Friday, April 5, 2013



Letter 9


Well, Blankweed,
                                Now you understand. You thought you understood pain, did you not? Thought you understood it because you live with that dull pain every moment of every day. But now you know that pain comes in degrees, that the ache in a bone is different to a sword in the heart, that pain can always, will always increase. You understand that dread and fear are entirely different to despair and devastation.

You thought I’d sympathise? Empathise? You thought I’d share your regret, your remorse? I cannot understand your pathetic attempts to deceive me, Blankweed. Because we both know that you and I are incapable of remorse. And let me remind you that I cannot empathise because I, unlike you, have never failed.

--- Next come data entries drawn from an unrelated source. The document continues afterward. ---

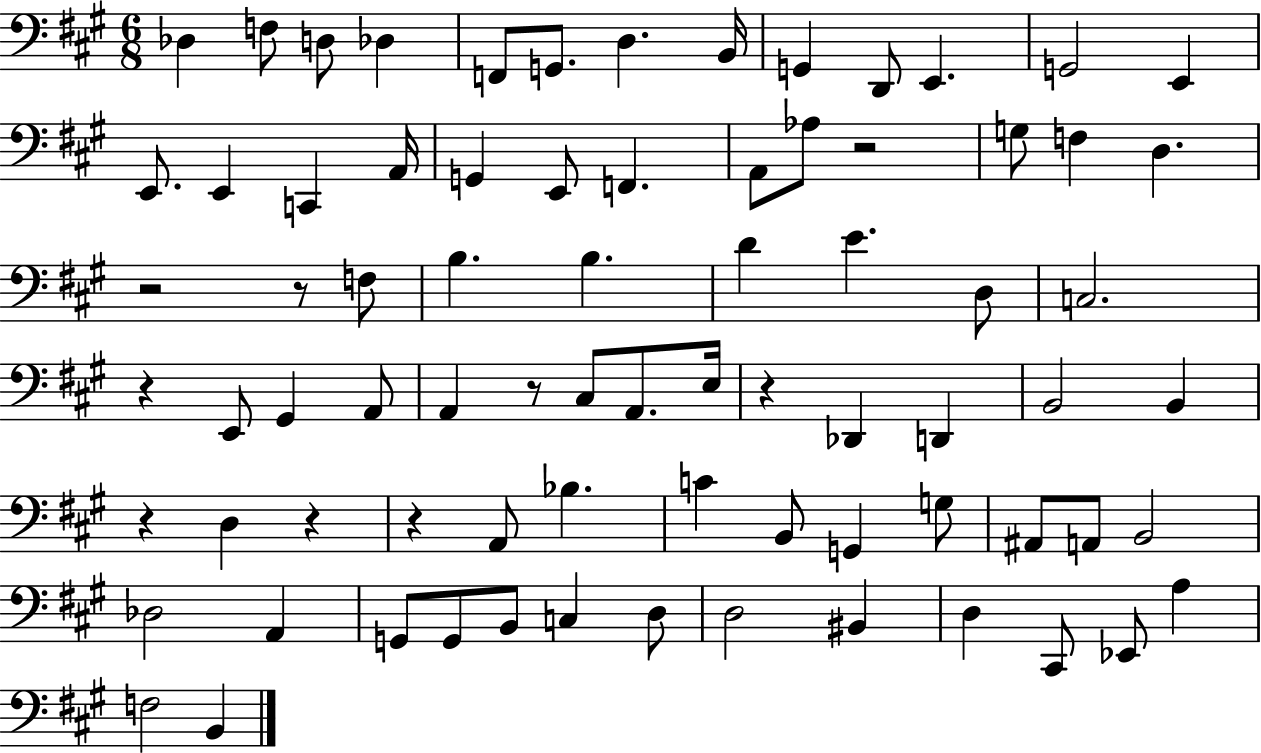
X:1
T:Untitled
M:6/8
L:1/4
K:A
_D, F,/2 D,/2 _D, F,,/2 G,,/2 D, B,,/4 G,, D,,/2 E,, G,,2 E,, E,,/2 E,, C,, A,,/4 G,, E,,/2 F,, A,,/2 _A,/2 z2 G,/2 F, D, z2 z/2 F,/2 B, B, D E D,/2 C,2 z E,,/2 ^G,, A,,/2 A,, z/2 ^C,/2 A,,/2 E,/4 z _D,, D,, B,,2 B,, z D, z z A,,/2 _B, C B,,/2 G,, G,/2 ^A,,/2 A,,/2 B,,2 _D,2 A,, G,,/2 G,,/2 B,,/2 C, D,/2 D,2 ^B,, D, ^C,,/2 _E,,/2 A, F,2 B,,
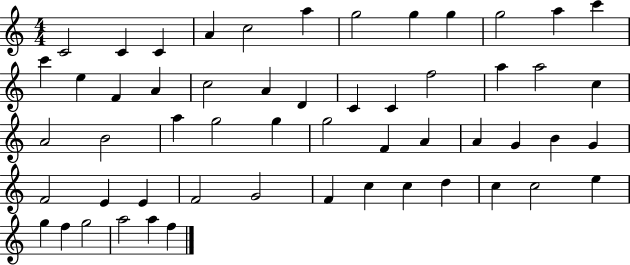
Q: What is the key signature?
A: C major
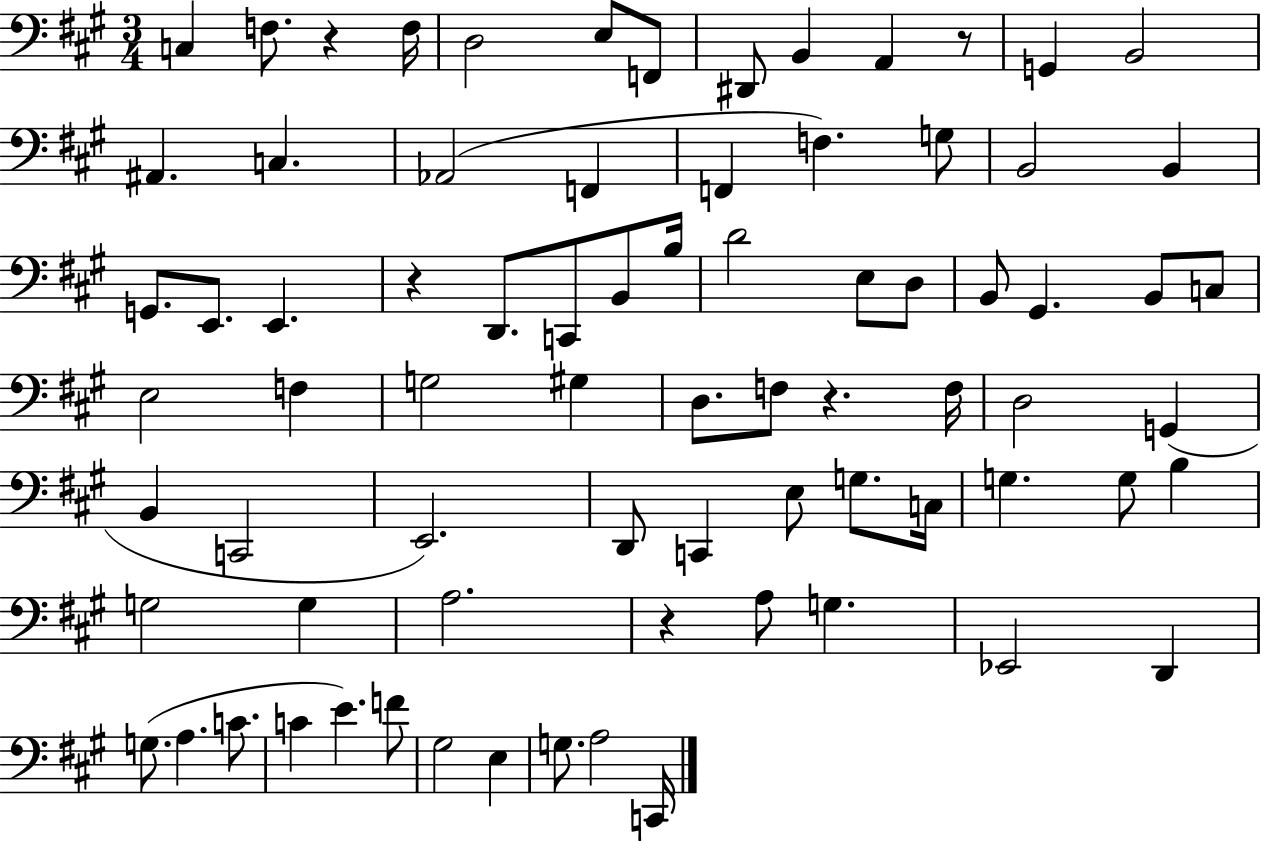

This is just the beginning, it seems to me. After this will come the slow slide to everlasting destruction where all pain comes together in endless fire. Were it not that I cannot abide the thought of a soul escaped, I would relish your decline. You thought that I would support you because of a ‘regret’ I mentioned about the failure of another junior tempter? Blankweed, you misunderstand me. Regret? I feel nothing but the rage of missed opportunity, and the taste of his despair is ever on my tongue, strong and fiery. When you fail, they will give you to me: but you will be no feast. You will be a mere flavour on my palate. Nevertheless, I will relish the taste of your devastation for eternity.

However, there is, I suppose, hope yet. There is no way for you to escape the scalding agony of what has happened. But you may yet escape the everlasting flames. Until she is dead, until that very moment of her last breath, we may yet prevail. Understand this too: we may prevail, but only you can fail. The responsibility for this soul is yours alone.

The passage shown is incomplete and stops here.